There's a For loop to run through the data:

• sCountAllRecords = rMovieRecords.Rows.Count
• ...
• For sRecordNumber = 1 To sCountAllRecords
•     ...
• Next sRecordNumber

Inside the loop, the first thing is to grab the fields for the current record. Here's the pseudocode:

• For each record:
•   Grab the record's data from the Range
•   Normalize the data
•   Process the data

Here's the real code.

• For sRecordNumber = 1 To sCountAllRecords
•     tTitle = rMovieRecords.Cells(sRecordNumber, TITLE_COLUMN)
•     tGenre = rMovieRecords.Cells(sRecordNumber, GENRE_COLUMN)
•     sCriticRating = rMovieRecords.Cells(sRecordNumber, CRITIC_RATING_COLUMN)
•     sViewerRating = rMovieRecords.Cells(sRecordNumber, VIEWER_RATING_COLUMN)
•     ...
• Next sRecordNumber

The next step is to normalize.

• For each record:
•   Grab the record's data from the Range
•   Normalize the data
•   Process the data

The code:

• For sRecordNumber = 1 To sCountAllRecords
•     ...
•     'Normalize title and genre
•     tTitle = Trim(tTitle)
•     tGenre = LCase(Trim(tGenre))
•     ...
• Next sRecordNumber

The last step is processing.

• For each record:
•   Grab the record's data from the Range
•   Normalize the data
•   Process the data

The code:

• For sRecordNumber = 1 To sCountAllRecords
•     ...
•     'Process
•     sCountValidRecords = sCountValidRecords + 1
•     If sViewerRating > sCriticRating Then
•         sCountViewerMoreThanCritic = sCountViewerMoreThanCritic + 1
•     End If
• Next sRecordNumber

### The flag pattern for validation

Let's add the validation.
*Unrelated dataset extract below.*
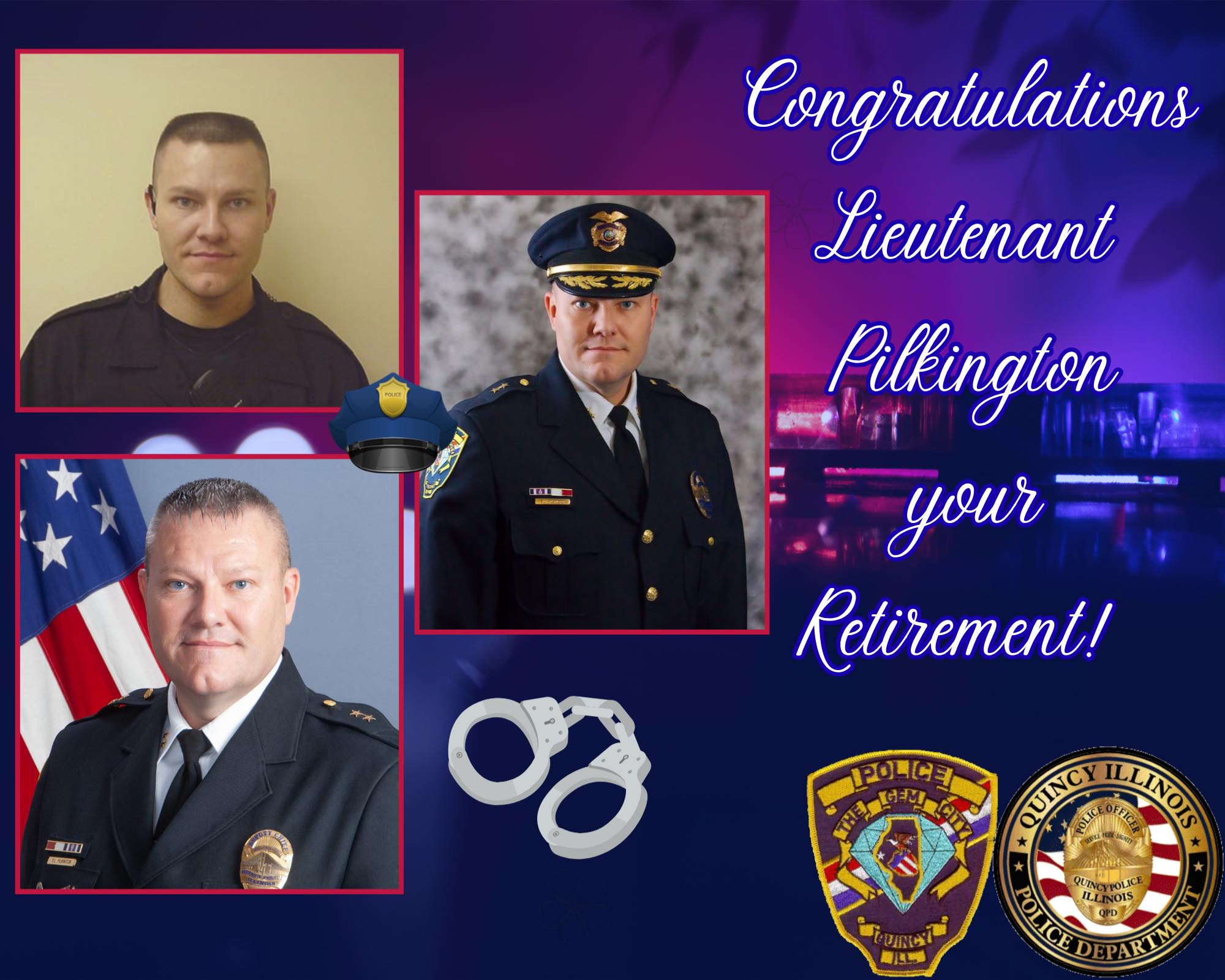 🎉Congratulations to Lieutenant... - Quincy Police Department | Facebook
We have three fields to check:

• Genre (romance, action, or scifi)
• Average critic rating, from 1 to 5
• Average viewer rating, from 1 to 5

We want to do the processing only if all of the fields have valid data. If there's an error in any field of a record, we want to ignore the record.

For that, we can use the flag pattern again.

Pattern

A variable that summarizes the results of a bunch of code.

Here's what the code will be like:

1. tDataOk = "yes"
2. If field 1 is bad Then
3.     tDataOk = "no"
4. EndIf
5. If field 2 is bad Then
6.     tDataOk = "no"
7. EndIf
8. If field 3 is bad Then
9.     tDataOk = "no"
10. EndIf
11. If tDataOk = "yes" Then
12.     Processing
13. EndIf

If any of the fields are bad, then tDataOk will be "no" by the time we get to line 11: If tDataOk = "yes" Then.

### Validating genre

Genre is a string field with three valid values. Here's code that will validate it:

• If tGenre <> "romance" And tGenre <> "action" And tGenre <> "scifi" Then
•     tDataOk = "no"
• End If

Ray

What if the genre is "Romance" instead of "romance". That If won't pick it up.

Reflect

Is Ray right? Why, or why not?

If you were logged in as a student, the lesson would pause here, and you'd be asked to type in a response. If you want to try that out, ask for an account on this site.

Georgina

We already normalized the data, so "Romance" will have been converted to "romance".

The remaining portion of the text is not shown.